Data for analysis:
<<<<

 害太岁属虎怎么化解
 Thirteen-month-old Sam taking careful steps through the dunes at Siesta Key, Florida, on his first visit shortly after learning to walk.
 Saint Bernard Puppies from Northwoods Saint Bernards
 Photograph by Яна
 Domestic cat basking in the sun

>>>>
<<<<

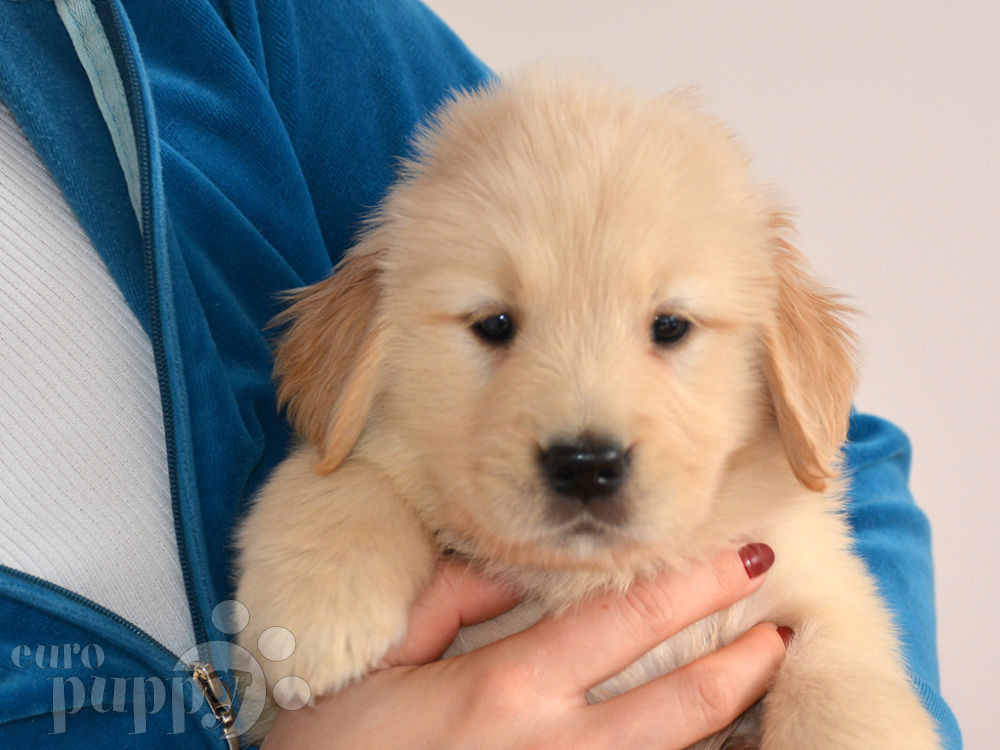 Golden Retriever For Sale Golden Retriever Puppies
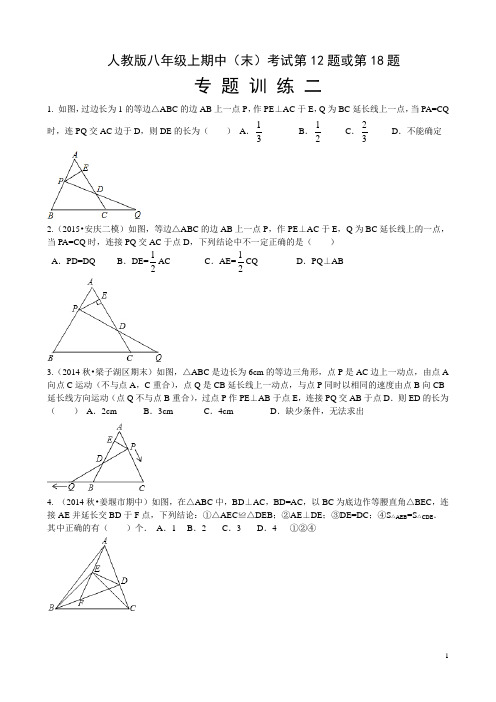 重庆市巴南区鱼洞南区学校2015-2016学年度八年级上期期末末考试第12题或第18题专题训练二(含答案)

>>>>
<<<<

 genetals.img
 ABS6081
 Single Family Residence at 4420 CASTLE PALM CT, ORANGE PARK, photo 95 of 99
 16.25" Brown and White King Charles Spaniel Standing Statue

>>>>

Your assignment:
All lines above from the line with "Saint Bernard Puppies" through the line with "Domestic cat basking in the sun", both included, are to be set down exactly, with nothing else.

Response to the exercise:
 Saint Bernard Puppies from Northwoods Saint Bernards
 Photograph by Яна
 Domestic cat basking in the sun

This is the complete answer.